I have doubt in retrieving multiple records from DB.
Case 1:
- Apply join, select all records(selected columns) from DB, and doing filter condition in Web server.
Case 2:
- Apply join, apply filter condition, do calculations in DB, and do nothing in Web just display data.
In the above two cases, which one is advisable?
What I am thinking is,
- In Case 1 there is no much work for DB, but network carries much data, and Web server has to do more work.
- In Case 2, there is much work for DB, but network carries less records than Case 1, and less work for Web server.
Web server is also scalable and the DB Server is also scalable(Say my DB size may not be more than 50GB).
So where should I do filtering, and calculations to improve performance, and why?
This is a fairly abstact question – it would help to get a more concrete example.
However, if by filtering you mean removing unwanted items from the result set, that’s a case that’s ideally suited for a “where” clause in SQL.
The database is MUCH faster at doing this than your web server, because it takes advantage of indexing.

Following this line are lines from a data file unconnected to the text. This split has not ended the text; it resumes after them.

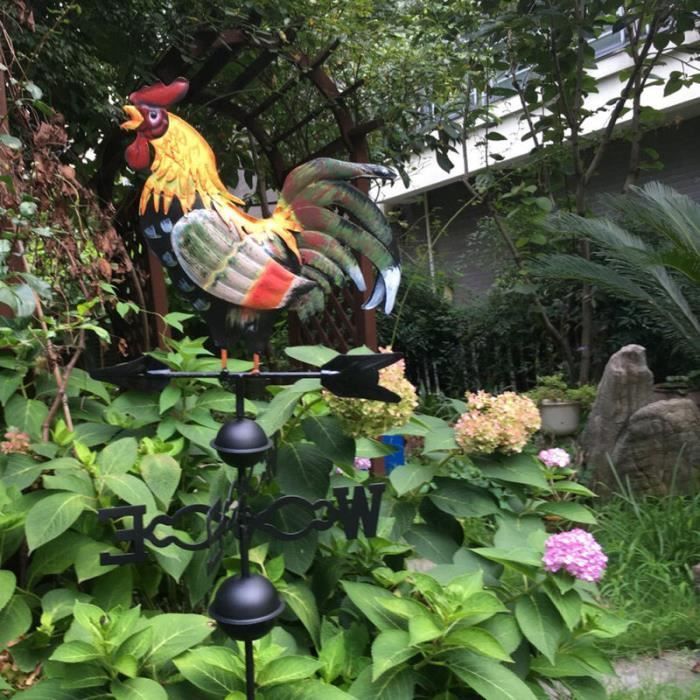 Girouette - YYV - Coq - Métal - Multicolore - Décoration de jardin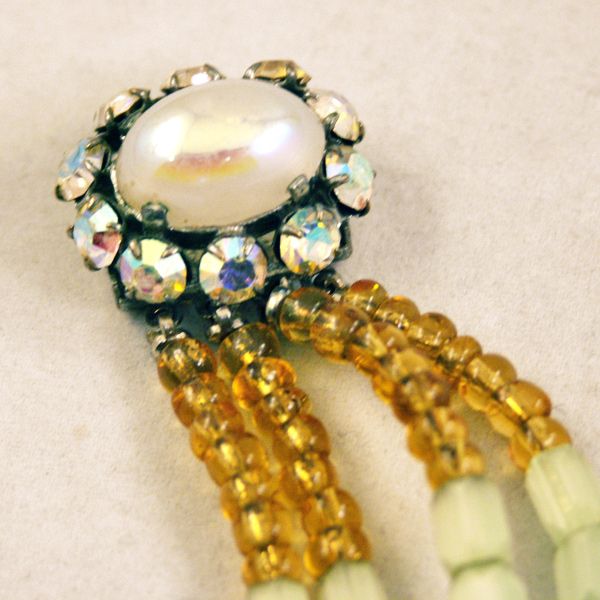 ca 1930's Magnificent Sea-Green Art Glass and Baroque Pearl Multi-Strand Necklace ca 1930's Magnificent Sea-Green Art Glass and Baroque Pearl Multi-Strand Necklace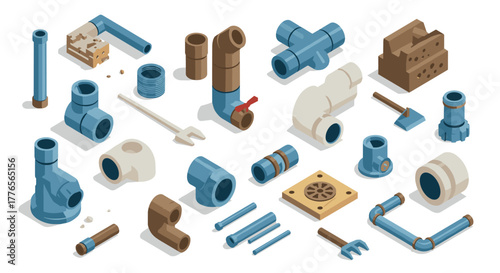 Isometric plumbing components diverse pipes, valves, fittings, and tools in 3d style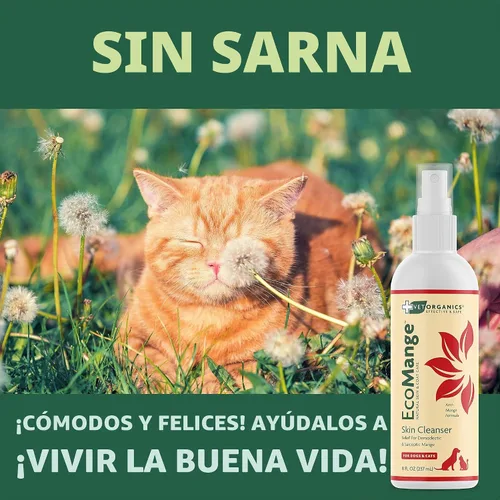 Vista 7 de EcoMange Mange Relief for Dogs & Cats - Alivio de la picazón de gatos y perros, 8 onzas, spray sarcóptico y demodéctico para ácaros - Extracto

As the database is also streaming less data to your web servers, the overall performance of your database is likely to improve, because at high traffic volumes, I/O becomes a significant bottleneck; if you’re streaming large amounts of data to the web servers, that’s going to affect your I/O performance.
There are cases where this is hard to do – notably where the filters change dynamically. Constructing valid SQL where clauses in your web server logic is a little tricky – if you want to offer users to construct filters on the fly, for instance. Even then, I’d still recommend doing the filtering in SQL.